Crimea

It depends on how far back you go. We remember when Myanmar was Burma, when Sri Lanka was Ceylon, when Tanzania was Tanganyika … and people alive today might remember when Austria and Hungary were one country. Sort of. But anything involving the Slavic nations takes more than a little time and effort to understand.
We have ancestors from Russia and Ukraine, back at the turn of the century — the 20th century, that is. Then Russia became the USSR and Ukraine part of that. Poor Crimea. Would it surprise you to know it has, at various times, been colonised by the Greeks, Persians, Romans, Genoese, and the Ottoman Empire. After the 1917 Russian Revolution it became part of the USSR, then somehow was transferred to the Ukrainian SSR, then became “Autonomous” in 1991 and, more recently, and highly disputed, again part of the Russian Federation.
It’s not part of our brief to decide who (or what) owns Crimea now. The land is the same as it always was, and the shifting tides of landlords will continue to leave their mark. We are just using Crimea as an example of what to do about postcards from there. When we started GPS, it was undeniably part of Ukraine. To be honest, in the unlikely event we got an order from Sevastopol or Yalta now, we wouldn’t know how to address the parcel, without guidance. We’re not going to relocate our few Crimean cards from Ukraine into any other category.

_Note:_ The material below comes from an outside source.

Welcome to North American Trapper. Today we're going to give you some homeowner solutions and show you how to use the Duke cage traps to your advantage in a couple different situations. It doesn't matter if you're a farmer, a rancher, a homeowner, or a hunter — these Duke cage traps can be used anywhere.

If you have an eagle eye, you might notice that some of our geographical categories merge (such as Czech Republic/Czechoslovakia) while others don’t (such as Slovakia, by itself). We list Yugoslavia separately from Serbia, and once in awhile when we get a CCCP-era card from Kiev, we list it as Russia/USSR instead of Ukraine. We’re the first to acknowledge this could be confusing and is not always logical. But we have other things on our mind too, and will let it go on like this until there are compelling reasons to change.

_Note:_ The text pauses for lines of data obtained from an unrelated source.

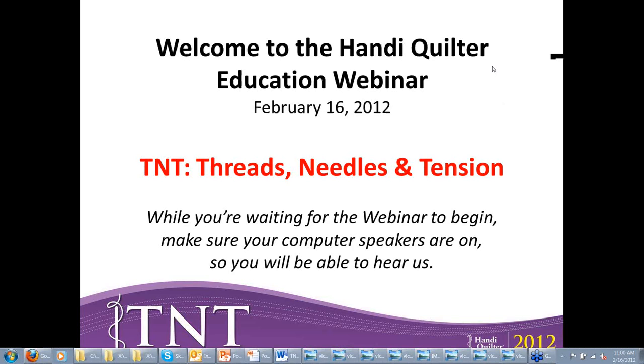Good morning, everybody. This is Brenda Grells with HandyQuilter. My clock shows 11 o'clock, but I can see that a number of the folks who registered for this webinar have not yet signed in. I'm going to give them a couple of minutes, so please hang in with us, and we'll be with you shortly.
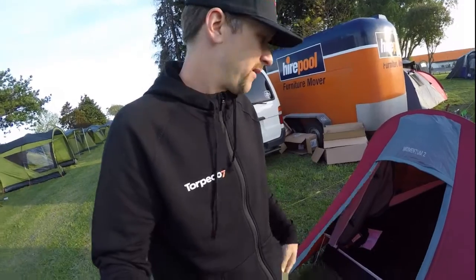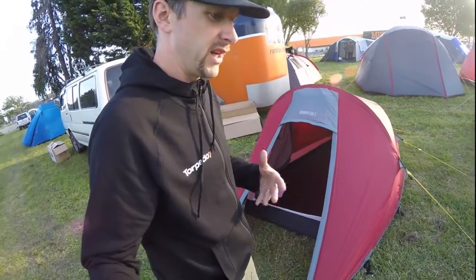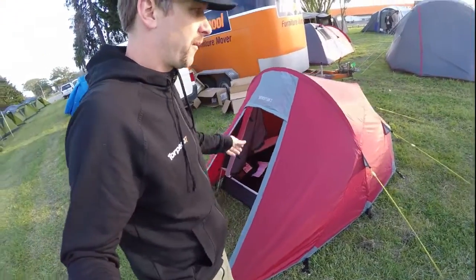Hi guys, this is Jason from Torpedo 7. I'm going to run you through the Torpedo 7 Momentum 2 tent. This is designed more as a tramping, backpacking, or just a real small compact tent that's not going to break the bank from us here at Torpedo 7.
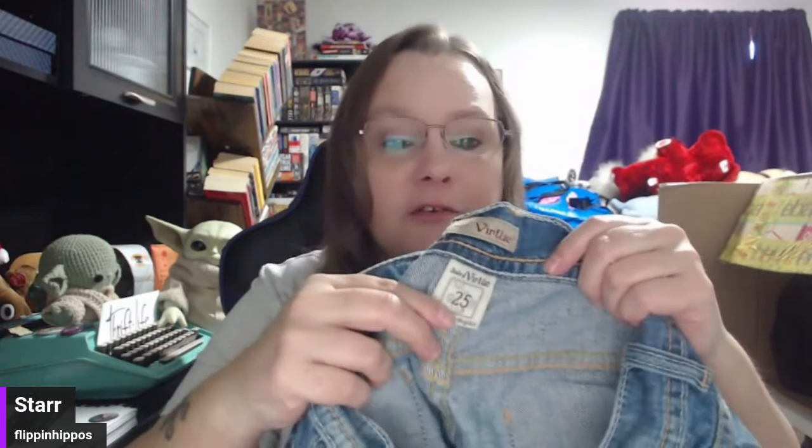Let's see what's in this box. These are Virtue — I should put my eyeballs on because I'm old and I can't see. I've never heard of these, so we're going to comp these together at the end. When I find new-to-me brands, I save them up and at the end I'll share my screen and we'll look them up together. In the meantime, if you're familiar with the brand, you can be screaming at the screen to tell me what it is.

So Crimea, for us, remains in Ukraine.
(P.S.: the contest from the last entry. Clever Kerry! Yes, the scene is in China’s Xinjiang Province, a place of immense beauty.)
Interesting article. The map of Europe has been a kaleidoscope of different states and territories ever since the fall of Rome and I doubt if we have seen the end of it yet. But this makes collecting post cards all that more interesting. The more countries the more interesting cards to collect. Now if Germany would ever go back to pre-German Empire boundaries think of how many new countries we would be able to collect.
~Goloh replies: Absolutely. We can barely keep up with it as it is. One thing for certain, we won’t start reassigning cards to new geographic categories.